# TASK GOAL
Although the data below contains pictures, please reproduce only its words, exactly.

# DATASET EXTRACT

◇ ◇ ◇ ◇ ◇ ◇ ◇

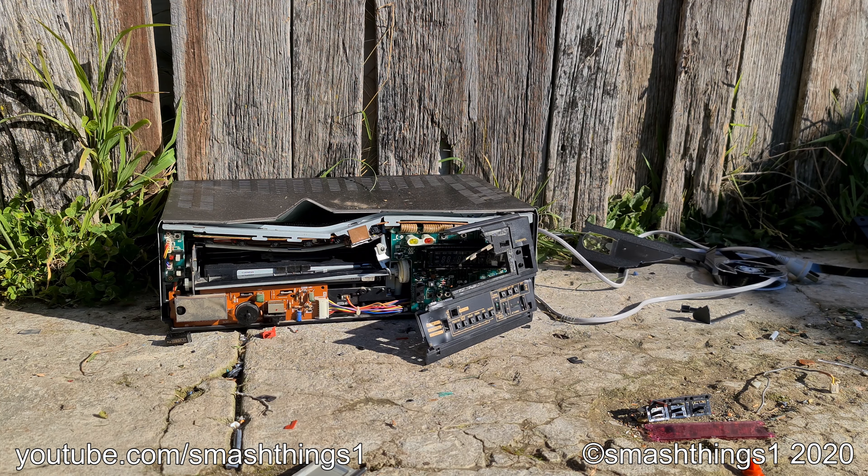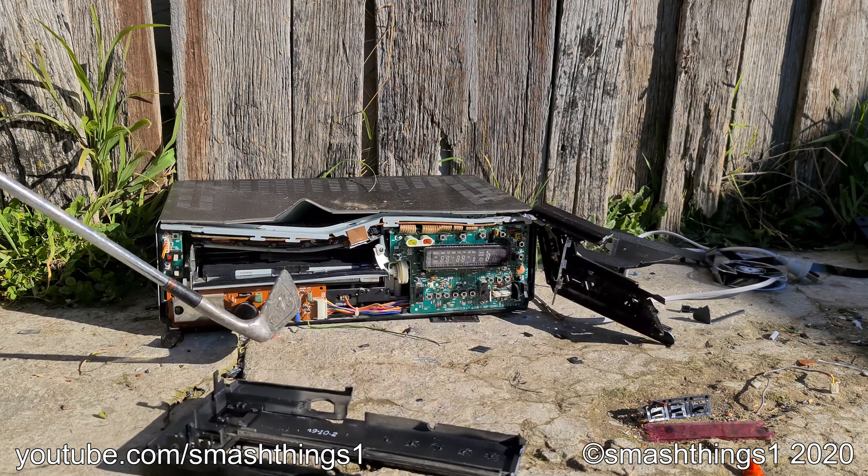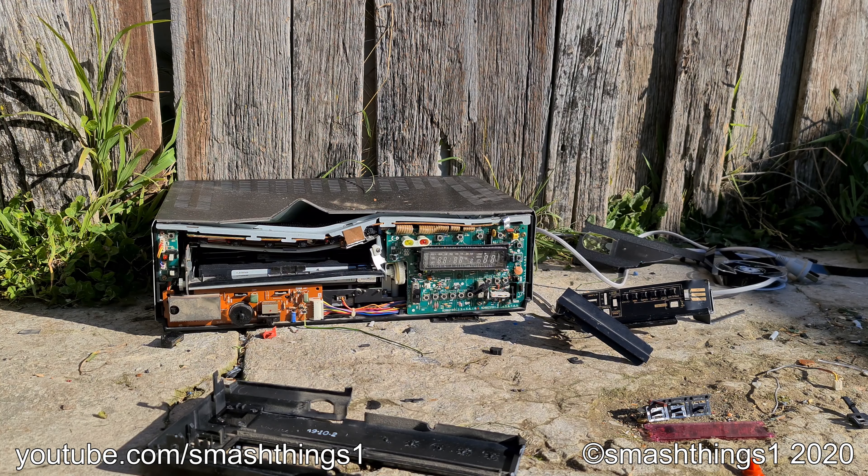Oh no, this item has been marked for police identification. Police are going to arrest me for destroying the VCR.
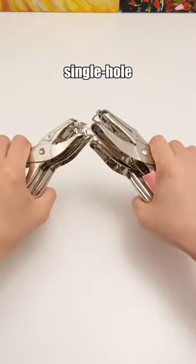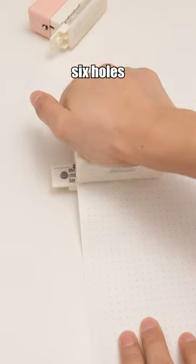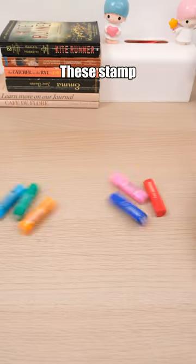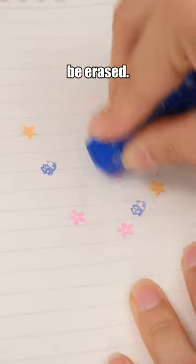Six-hole punch: screw your single hole punchers and give this a try — it punches six holes at once, saving your time and effort. It even includes a debris collection box for cleanliness. These stamp designs are diverse, and any mistakes made during stamping can be erased.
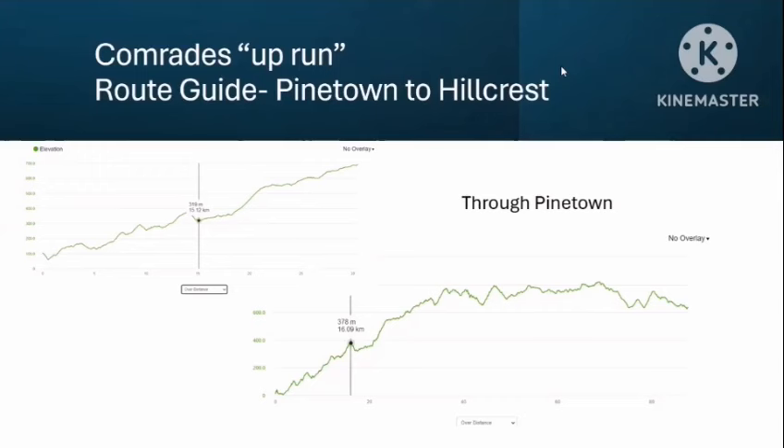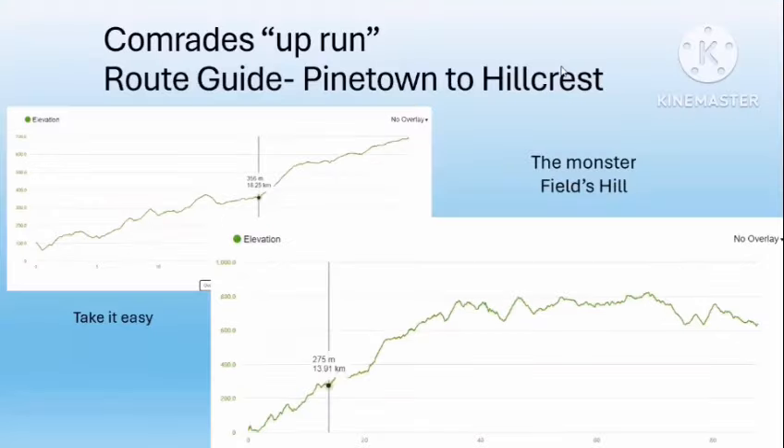On your way through Pinetown you really need to get yourself psychologically ready because you are approaching the second of the Big Five hills — and it is the biggest one in the race. That is the monster that is Fields Hill. It is the biggest and steepest gradient in the race. You'll hit the bottom at approximately 20 kilometers with 66.5 to go — the shortest ever Comrades in history, I believe. It's a four-kilometer climb gaining 200 meters in altitude, shadowing off towards the top.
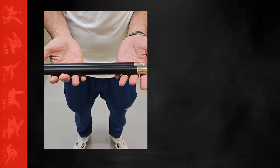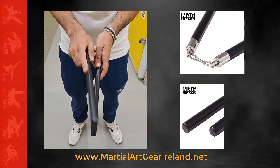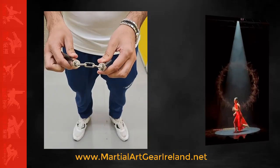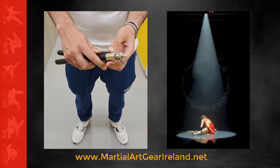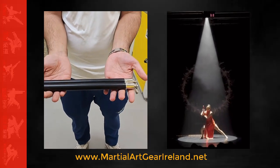The last time we showed you our competition foam speed nunchucks — this is actually the wood version of them. It weighs approximately 150 grams and comes with a three-linked chain. It is available to buy on our website now and we can ship this worldwide.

◇ ◇ ◇ ◇ ◇ ◇ ◇

# THE COMPLETED TASK
Oh no, this item has been marked for police identification. Police are going to arrest me for destroying the VCR.
Six-hole punch: screw your single hole punchers and give this a try — it punches six holes at once, saving your time and effort. It even includes a debris collection box for cleanliness. These stamp designs are diverse, and any mistakes made during stamping can be erased.
On your way through Pinetown you really need to get yourself psychologically ready because you are approaching the second of the Big Five hills — and it is the biggest one in the race. That is the monster that is Fields Hill. It is the biggest and steepest gradient in the race. You'll hit the bottom at approximately 20 kilometers with 66.5 to go — the shortest ever Comrades in history, I believe. It's a four-kilometer climb gaining 200 meters in altitude, shadowing off towards the top.
The last time we showed you our competition foam speed nunchucks — this is actually the wood version of them. It weighs approximately 150 grams and comes with a three-linked chain. It is available to buy on our website now and we can ship this worldwide.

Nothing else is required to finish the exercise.